Quel ch’han machinato con gli astrologi contra la vita di Nostro Signore, e come disse che, morto Nostro Signore, si proibiranno i suoi versi, perché ha posto la sacra scrittura in versi, me l’ha detto il padre Lupi e ’l padre Acquaviva; e stimulâro ch’io lo dicessi con altre cose ch’ho taciuto, perché questa sola apparteneva a me ch’ero il commentatore. Se si muta fortuna, vederá Vostra Eminenza s’io o loro sono li fedeli a casa Barberina.

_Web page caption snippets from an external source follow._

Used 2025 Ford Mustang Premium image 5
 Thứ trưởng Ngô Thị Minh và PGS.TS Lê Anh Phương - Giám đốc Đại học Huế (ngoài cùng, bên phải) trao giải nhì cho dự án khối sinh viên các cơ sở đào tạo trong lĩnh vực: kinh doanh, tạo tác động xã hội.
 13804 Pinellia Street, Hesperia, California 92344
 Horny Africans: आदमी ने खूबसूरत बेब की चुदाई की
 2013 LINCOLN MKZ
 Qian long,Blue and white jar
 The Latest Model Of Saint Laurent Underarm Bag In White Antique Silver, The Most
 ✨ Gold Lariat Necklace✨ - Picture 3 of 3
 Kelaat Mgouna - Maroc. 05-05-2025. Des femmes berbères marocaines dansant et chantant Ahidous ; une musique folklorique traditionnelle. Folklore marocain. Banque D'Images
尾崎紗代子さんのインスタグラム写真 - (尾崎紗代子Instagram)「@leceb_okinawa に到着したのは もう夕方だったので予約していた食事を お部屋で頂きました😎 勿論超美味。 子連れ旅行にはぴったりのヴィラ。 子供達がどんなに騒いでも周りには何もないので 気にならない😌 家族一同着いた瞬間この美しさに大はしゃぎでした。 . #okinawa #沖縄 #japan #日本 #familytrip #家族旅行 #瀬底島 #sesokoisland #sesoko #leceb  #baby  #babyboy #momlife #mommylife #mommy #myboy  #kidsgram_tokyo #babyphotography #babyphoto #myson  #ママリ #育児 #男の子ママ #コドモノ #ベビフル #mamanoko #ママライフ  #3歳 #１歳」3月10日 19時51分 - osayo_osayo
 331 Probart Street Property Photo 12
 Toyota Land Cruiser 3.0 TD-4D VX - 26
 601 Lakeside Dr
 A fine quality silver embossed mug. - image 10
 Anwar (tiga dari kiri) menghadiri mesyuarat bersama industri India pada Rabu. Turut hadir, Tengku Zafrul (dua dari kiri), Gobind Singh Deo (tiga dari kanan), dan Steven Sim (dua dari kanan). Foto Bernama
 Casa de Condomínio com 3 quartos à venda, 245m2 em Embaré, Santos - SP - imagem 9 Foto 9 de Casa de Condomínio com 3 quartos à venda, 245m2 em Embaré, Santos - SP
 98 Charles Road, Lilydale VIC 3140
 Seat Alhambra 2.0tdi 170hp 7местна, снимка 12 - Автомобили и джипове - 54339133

Io desidero da Vostra Eminenza, e la prego umilmente, che mi continui la lemosina di quindici scudi d’oro al mese qui in Francia come l’aveva in Roma, — il che Vostra Eminenza l’ha concesso anche a Gaspare Scioppio; — e con questa autoritá e credito potrò servirla, e vedrá che li servo etiam senza questo per molti ambasciatori. Secondo, li dimando che mi raccomandi a questi padroni, e faccia determinare il cardinale Antonio mi mandi patenti di potere stare in ogni convento che mi sará utile. Terzo, che non pensi che sciocchezza mia mi fe’ tanto odioso a spagnoli, perché ho scritto per loro la Monarchia di Spagna, il Panegirico ai principi d’Italia, per quella gli Articoli profetali; e l’hanno e si servono di queste in Ispagna. E trattai col conte Monterey, col Castel Rodriguez, con Savedra, con Federigo Moles, col Cardinal Spinola — del cui padre io fui mastro, — con monsignor Massimi e con altri, ché mi dessero qualche poco piazza per assicurarsi che nullo dimandarla da me cosa contra loro, e sempre mi guardai. Ma il male è venuto d’onde io sopra scrissi. Il resto scrissi a Nostro Signore ed al signor contestabile.

Stia sicuro che sempre sarò suo servo fedele. In questa settimana parlerò al re cristianissimo ed al cardinal duca. Non l’avviso le cose, perché ha i nunci; ma quando occorrerá, sarò pronto. A cose di Stato non mi intricarò: leggerò contra eretici se comandano, e cercarò di finir in pace tanti guai. E sempre pregarò Dio per la salute di Nostro Signore e di tutta sua casa, e di Vostra Eminenza in particolare, che mi fe’ venire qua senza turbamento di core. Le fo umilissima riverenza.